*Your assignment*
Write out all records as given; omit images.

*Provided data*
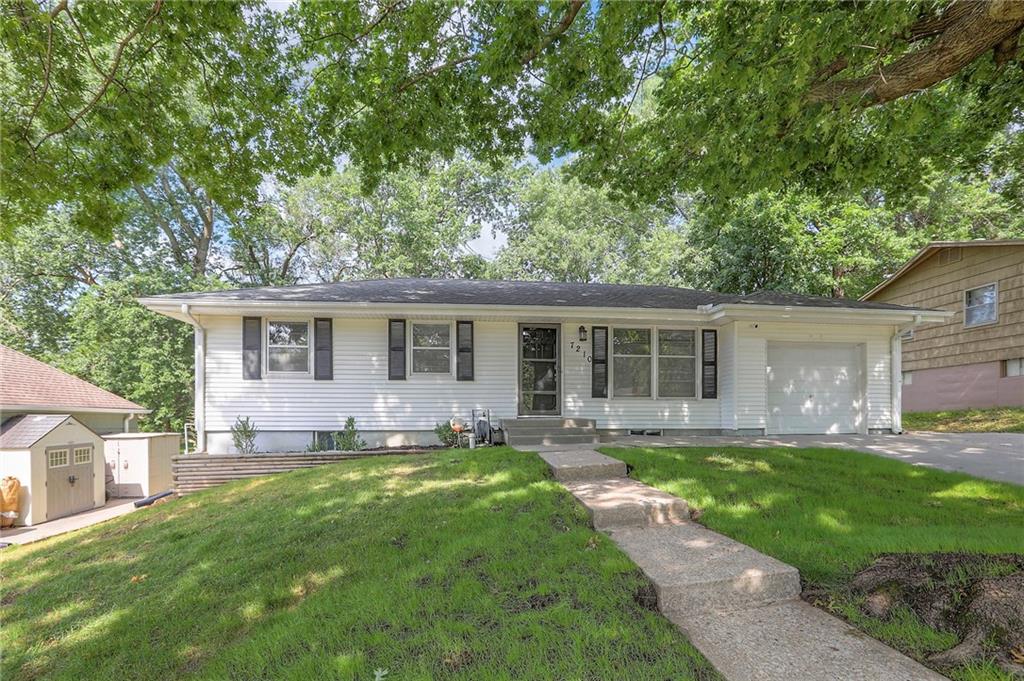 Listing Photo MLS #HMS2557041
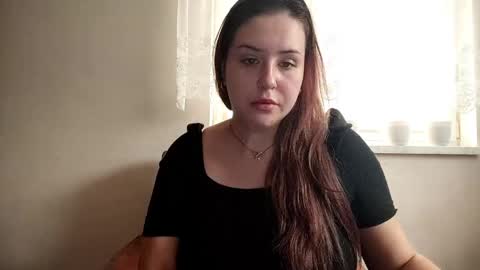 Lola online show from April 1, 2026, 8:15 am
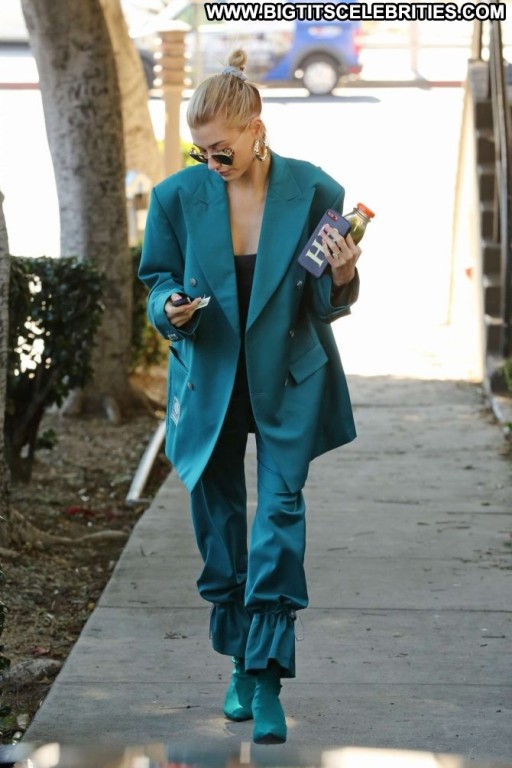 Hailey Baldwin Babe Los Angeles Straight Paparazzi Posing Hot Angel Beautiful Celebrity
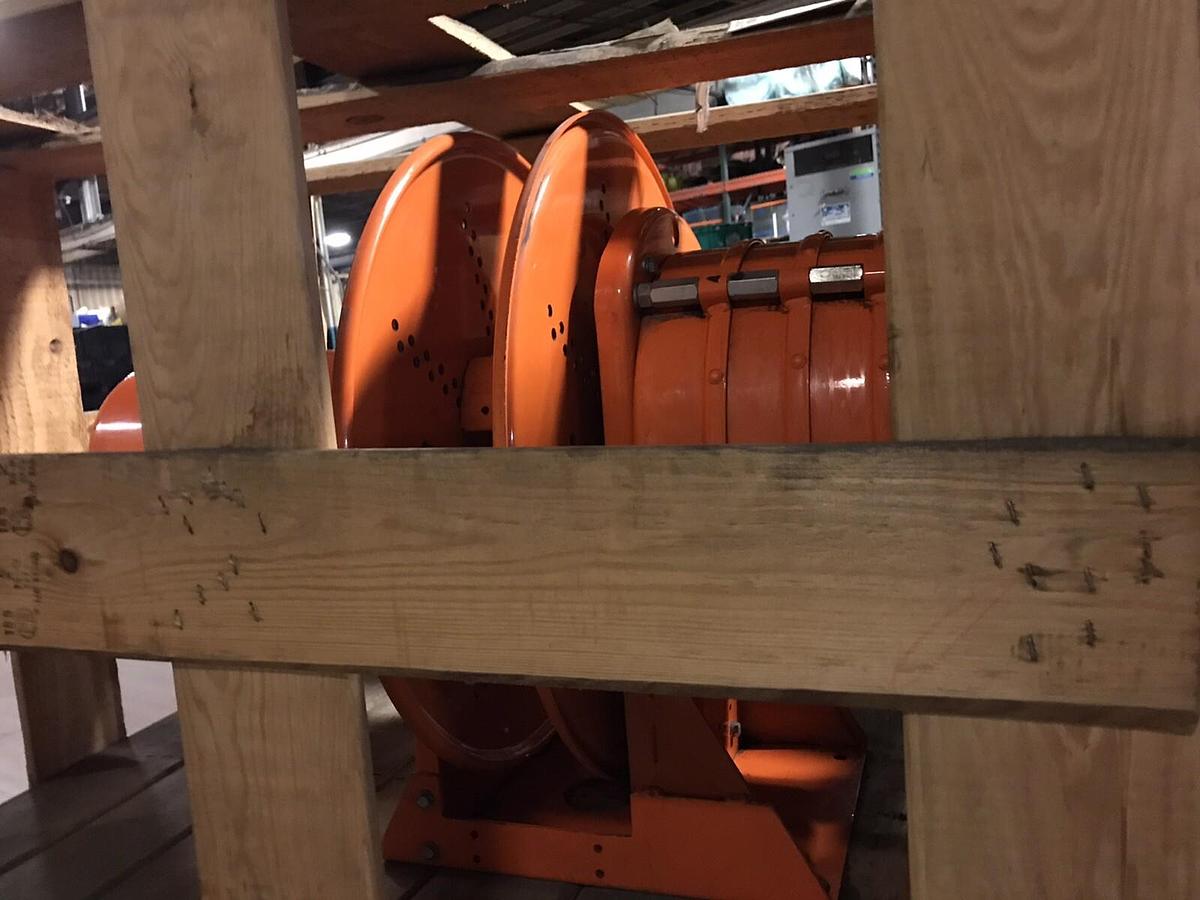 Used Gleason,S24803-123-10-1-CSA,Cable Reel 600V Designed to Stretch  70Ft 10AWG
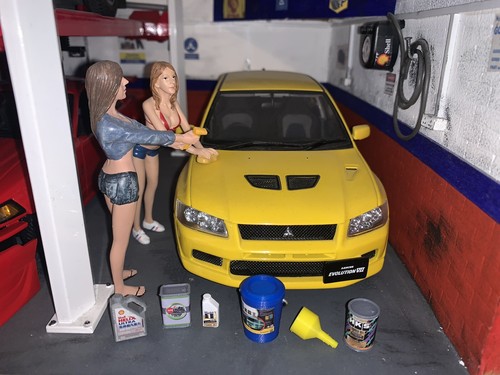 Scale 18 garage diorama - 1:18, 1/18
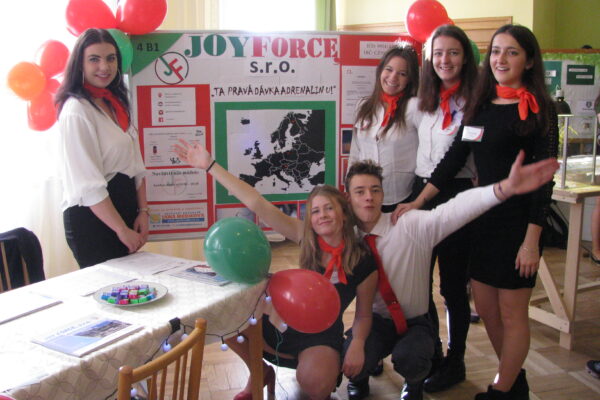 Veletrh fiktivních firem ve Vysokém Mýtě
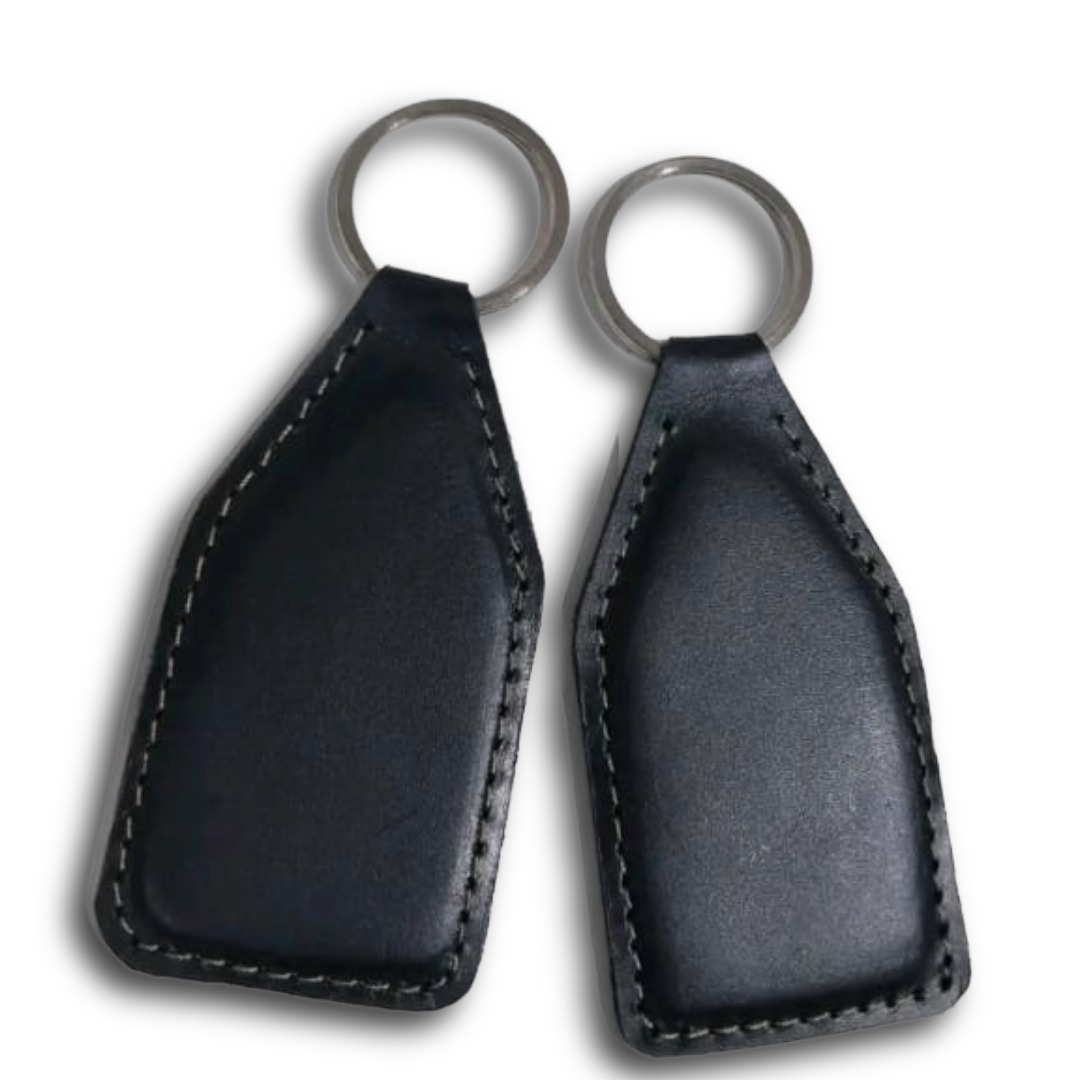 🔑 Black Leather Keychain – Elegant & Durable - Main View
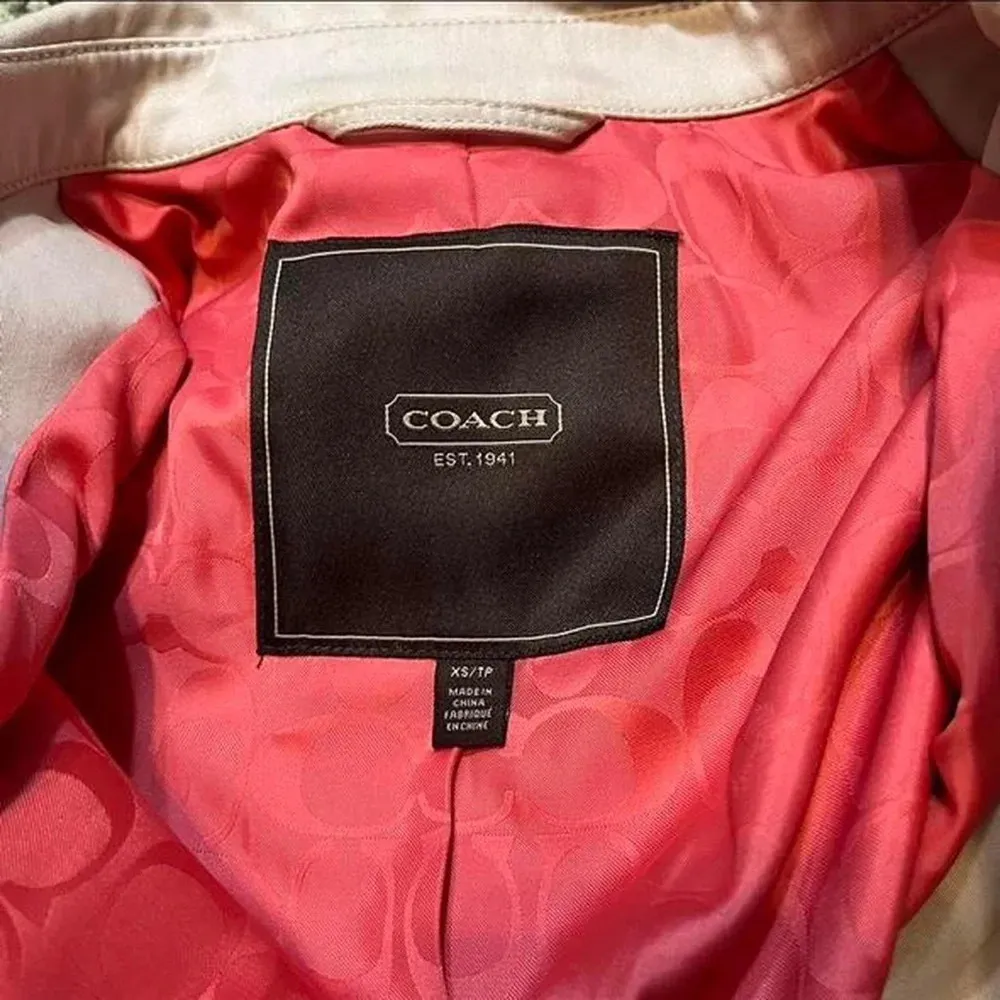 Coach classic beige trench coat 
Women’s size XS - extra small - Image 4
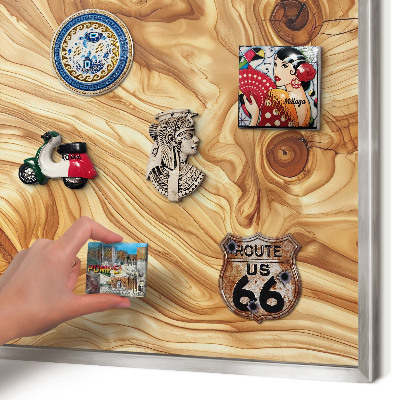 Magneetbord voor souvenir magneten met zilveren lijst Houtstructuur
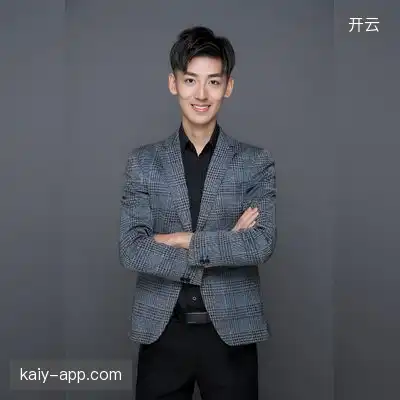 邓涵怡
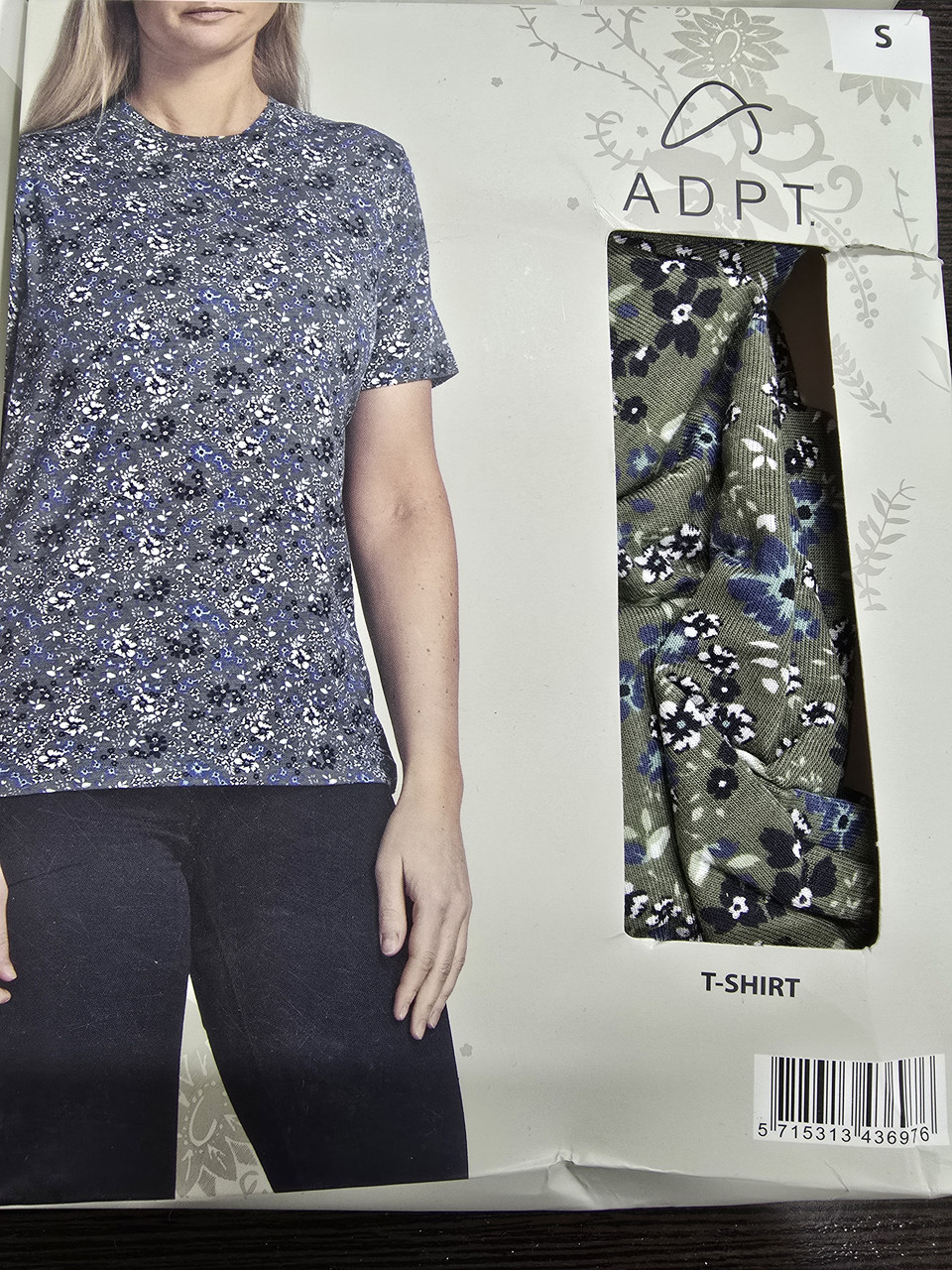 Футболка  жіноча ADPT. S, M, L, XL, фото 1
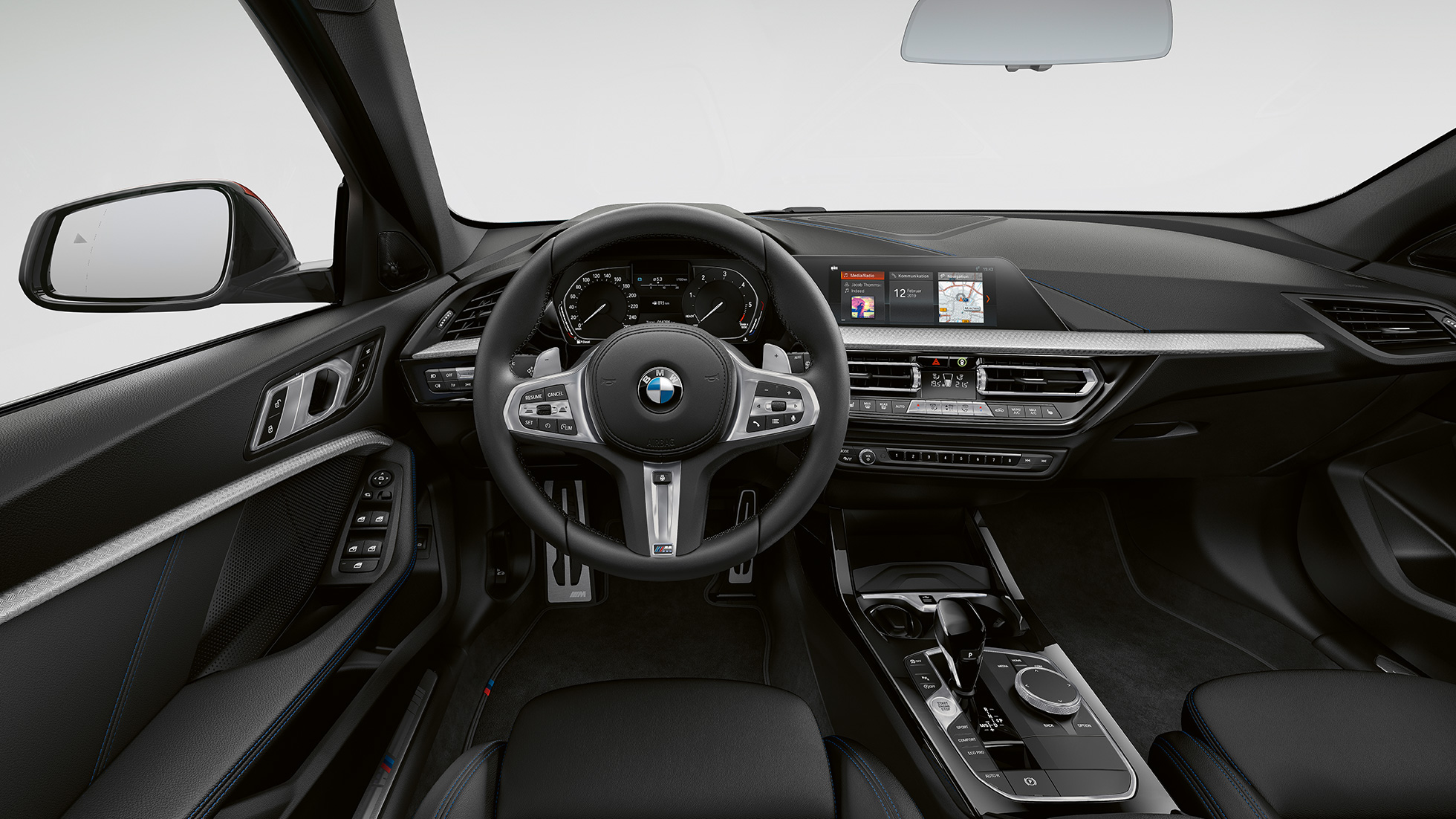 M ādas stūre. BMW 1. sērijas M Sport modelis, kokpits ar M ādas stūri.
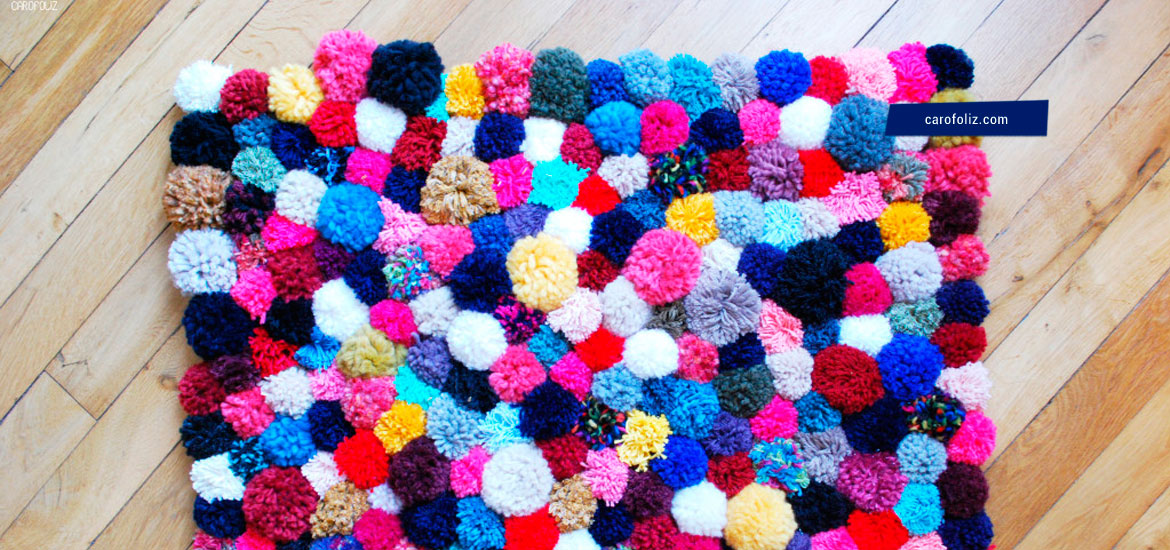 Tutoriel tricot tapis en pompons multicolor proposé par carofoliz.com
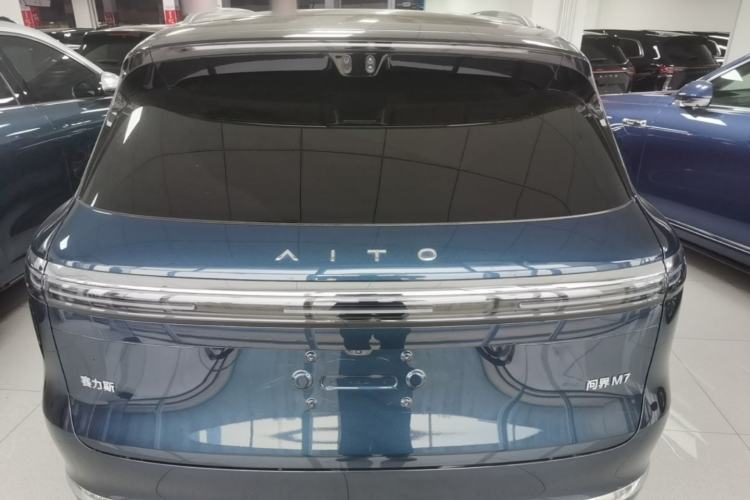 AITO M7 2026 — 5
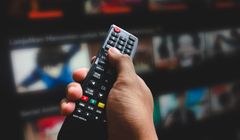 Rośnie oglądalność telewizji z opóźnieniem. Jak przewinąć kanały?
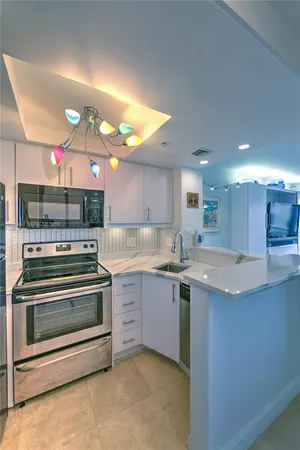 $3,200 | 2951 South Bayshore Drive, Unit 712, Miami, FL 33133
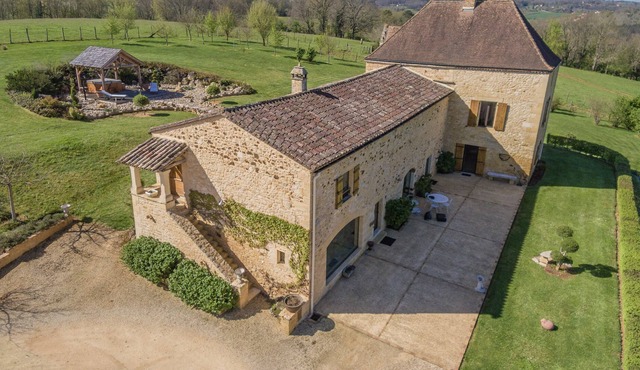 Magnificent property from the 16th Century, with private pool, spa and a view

*Output for this exercise*
 Listing Photo MLS #HMS2557041
 Lola online show from April 1, 2026, 8:15 am
 Hailey Baldwin Babe Los Angeles Straight Paparazzi Posing Hot Angel Beautiful Celebrity
 Used Gleason,S24803-123-10-1-CSA,Cable Reel 600V Designed to Stretch  70Ft 10AWG
 Scale 18 garage diorama - 1:18, 1/18
 Veletrh fiktivních firem ve Vysokém Mýtě
 🔑 Black Leather Keychain – Elegant & Durable - Main View
 Coach classic beige trench coat 
Women’s size XS - extra small - Image 4
 Magneetbord voor souvenir magneten met zilveren lijst Houtstructuur
 邓涵怡
 Футболка  жіноча ADPT. S, M, L, XL, фото 1
 M ādas stūre. BMW 1. sērijas M Sport modelis, kokpits ar M ādas stūri.
 Tutoriel tricot tapis en pompons multicolor proposé par carofoliz.com
 AITO M7 2026 — 5
 Rośnie oglądalność telewizji z opóźnieniem. Jak przewinąć kanały?
 $3,200 | 2951 South Bayshore Drive, Unit 712, Miami, FL 33133
 Magnificent property from the 16th Century, with private pool, spa and a view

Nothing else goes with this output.